I find this entire topic to border on surreal (full story here).
Needing to address this situation says tons about the sport and it’s participants.

The first thing that comes to my mind is if there are those trainers that cannot race at the Meadowlands for reasons of integrity(?), what’s going on at Yonkers, or Pocono, or Harrah’s Philly?

I understand how this sport operates, and once again, when perception becomes reality, you push the game that much closer to extinction.

Racing would have long since ceased at those tracks and others without the slot welfare. I don’t think that’s even debatable at this point.

Then you see that a business partner and buddy of the owner takes a horse from (presumably) a known bad actor and transfers the horse over for a minute to a “cleaner” trainer. Seriously?

Do the people in the upper echelon of this sport who can and do control the business really question the state of the sport and the lack of business growth on the betting side of the game? Talk about a “bad look.”

I also find it hard to believe that blood samples need to be flown 8,000 miles to be tested.

There is not one lab, say in Kentucky (lots of horses there), that cannot perform that task quicker and for less money?

And the whole idea with all of this is to try and stop cheating.

And the betting public is expected to embrace this garbage?

They still have not instituted “One strike and you’re out.”

Second chances, third chances, legal “stays,” “Groom pissed in the hay,” and everything else. It goes on and on and never changes much.

I applaud Gural for his intent. I believe it’s honest.

What I don’t applaud is most of the rest of the industry looking the other way.

Let’s try some lifetime bans with these guys. Maybe then these people will realize that they are being afforded very nice livings that they certainly would NOT duplicate outside of harness racing.

Hard to believe that this topic would even be something to discuss.

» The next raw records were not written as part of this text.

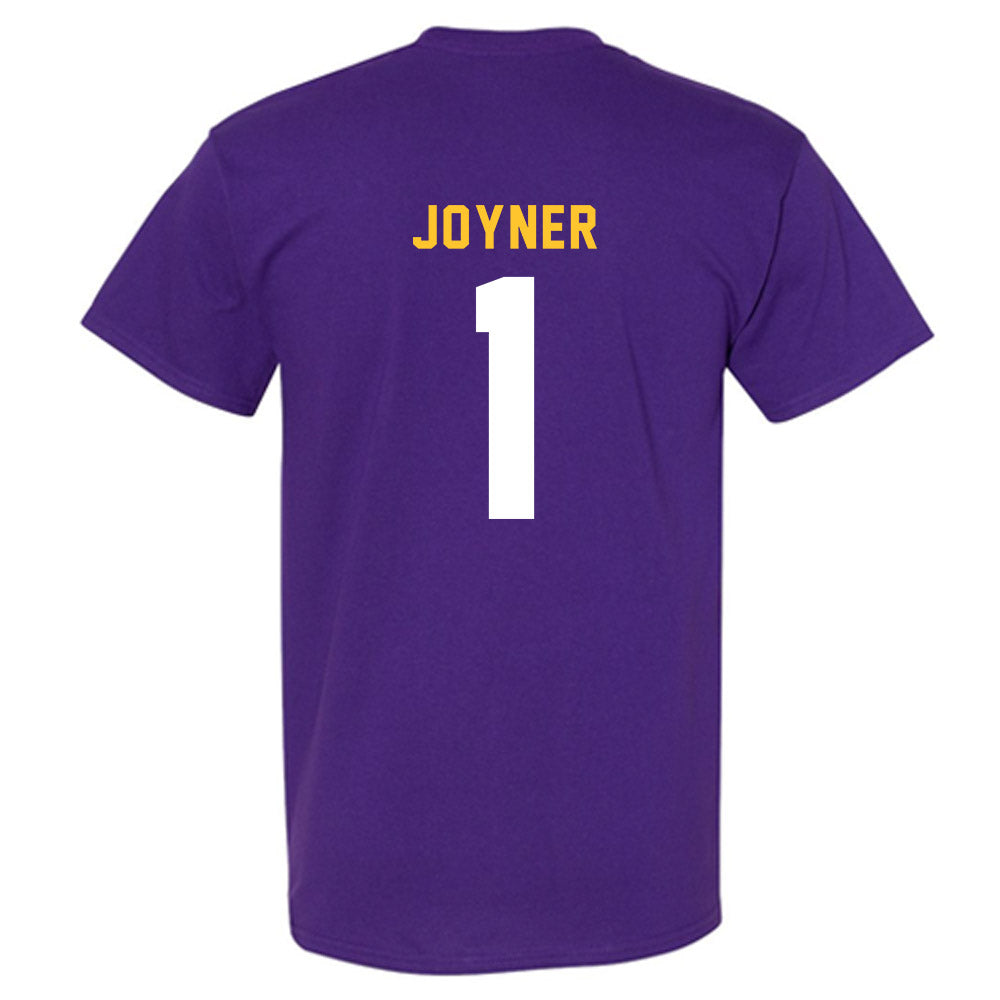 LSU - NCAA Women's Basketball : Amiya Joyner - Classic Shersey T-Shirt-1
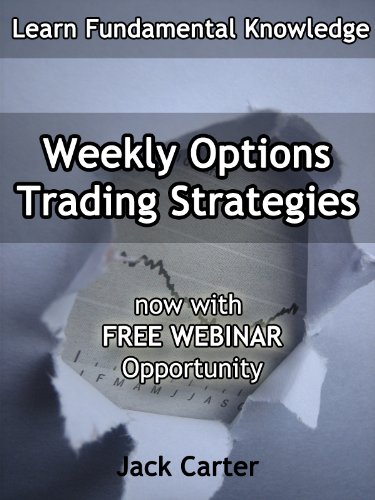 Weekly Options Trading Strategies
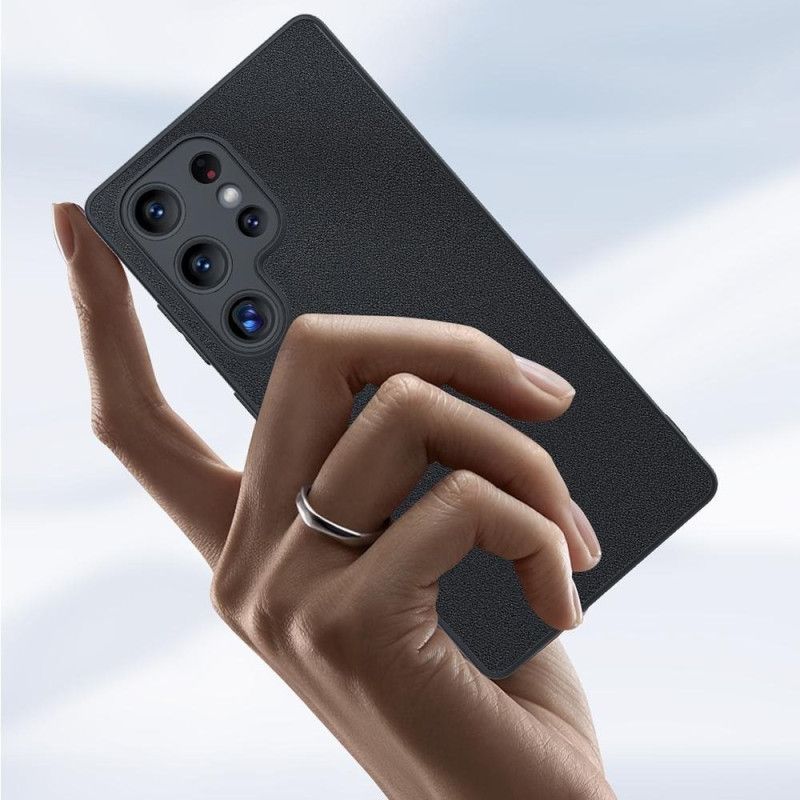 Case Hoesje Samsung Galaxy S25 Ultra 5g Telefoonhoesje Kunststof En Kunstleer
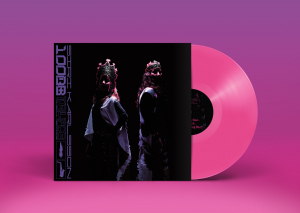 Siri Karlsson - 100 DB (Magenta Transparent Vinyl) in the group VINYL / Vinyl 2022 at Bengans Skivbutik AB (4286980)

— Vic Dante / North Caldwell, NJ

 

Attract the lottery players

About 50 years ago, I recall going to Roosevelt Raceway on a Saturday night when the attendance was often over 30,000. I was away from harness racing for decades and when I first went to Pompano Park two years ago, I asked, “Where is everybody?” I know much has changed since online betting arrived and people can watch most races in the comfort of their own home. But I think something must be done to bring some people back to the track. My suggestion is to attract people from that huge pool of lottery ticket players. Install quick pick machines at the track where you can invest a dollar and get five 20-cent random combinations for the Super High Five. Clever TV ads could show how easy it is to insert a dollar and possibly win over $100,000. Some of these new players might just watch a race or two and get more involved in the future. Some might just spend some time in the casino while they wait. Harness racing needs new blood.